Unlike the hon. Gentleman, we welcome the fact that more young people are staying on at school. That results, perforce, in fewer young people coming forward for a training place. As I said, some TECs have found it difficult this year to find employer placements. There is of course always a surge of demand when young people make up their minds to choose youth training in the autumn. I repeat that there need be no problem of inadequate resources preventing TECs and LECs from meeting the guarantee.

Mr. Heald

Does my right hon. Friend agree that training and enterprise councils can play a special role in cases where there are large redundancies by co-ordinating task forces—as they have done in Hertfordshire and in my constituency in north Hertfordshire?

Mrs. Shephard

Yes. Hertfordshire TEC has played a key role in helping with British Aerospace redundancies, and I was delighted by the positive and strong response made by TECs in preparing plans to cope with pit closures.

Mr. Tony Lloyd

How can the Secretary of State claim that TECs are happy with the settlement when last year, this year, and next year they received and will receive real-terms cuts in their budgets at a time when long-term unemployment and unemployment generally are continuing to rise?
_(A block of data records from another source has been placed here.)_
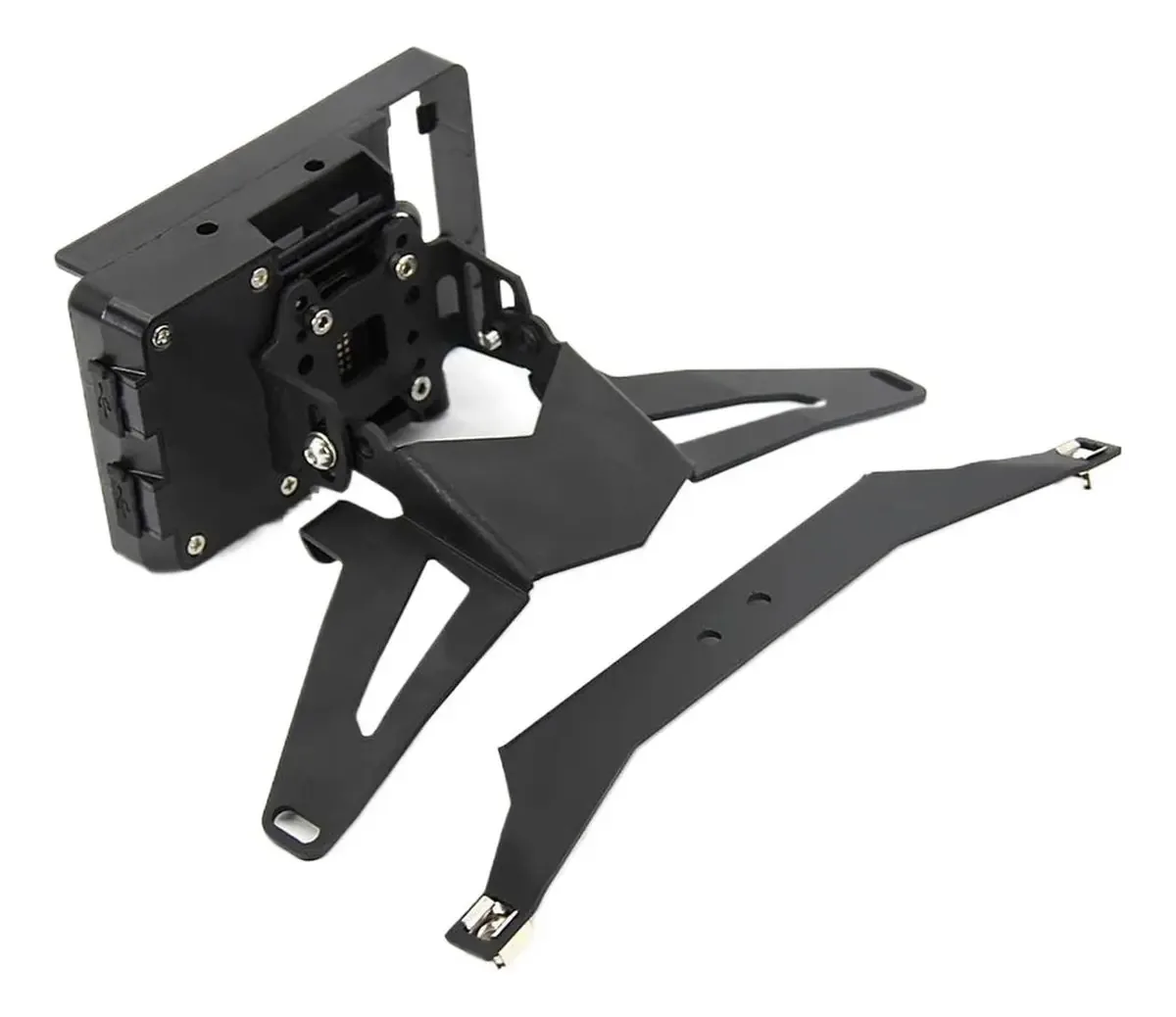 Cbtfgtv Suportes Para Gps Para R 1200 Rt Para R1200rt 2009 Suporte Navegação Navegador Gps Motocicleta Suporte Telefone Com Carga Usb Gps Painel Suporte(um Conjunto)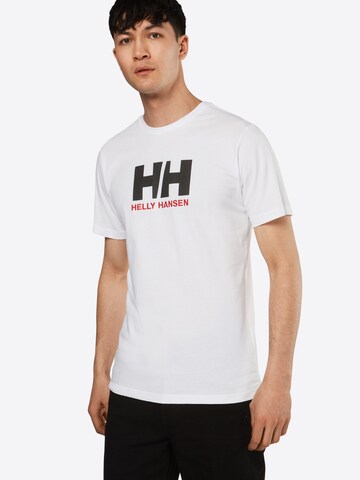 T-Shirt HELLY HANSEN en blanc : devant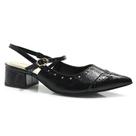 Scarpin Slingback Feminino Cazzualen T3628-110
How can the right hon. Lady tell the House that she is keeping to the guarantee when, by her own figures, she admits that 19,000 young people have not been found a youth training place? Will she undertake to re-examine the situation whereby many young people for whom the guarantee has not been honoured find themselves without any income? Will she talk to her friend at the Department of Social Security and suggest that those young people should once again receive some kind of benefit?

Mrs. Shephard

As the hon. Gentleman knows perfectly well, there is a special hardship allowance and bridging allowances for young people who are between YT places. Given that in the House on 20 November the hon. Gentleman wrongly claimed that 75,000 young people were waiting for a training place, I thought that he would welcome today's figures.

Mr. Sweeney

Does my right hon. Friend accept that Britain is unique in offering a guaranteed place on a training scheme for all 16 to 17-year-olds?

Mrs. Shephard

Yes, I accept my hon. Friend's point. There is no question but that we have a better record in that respect than many of our European counterparts, including France.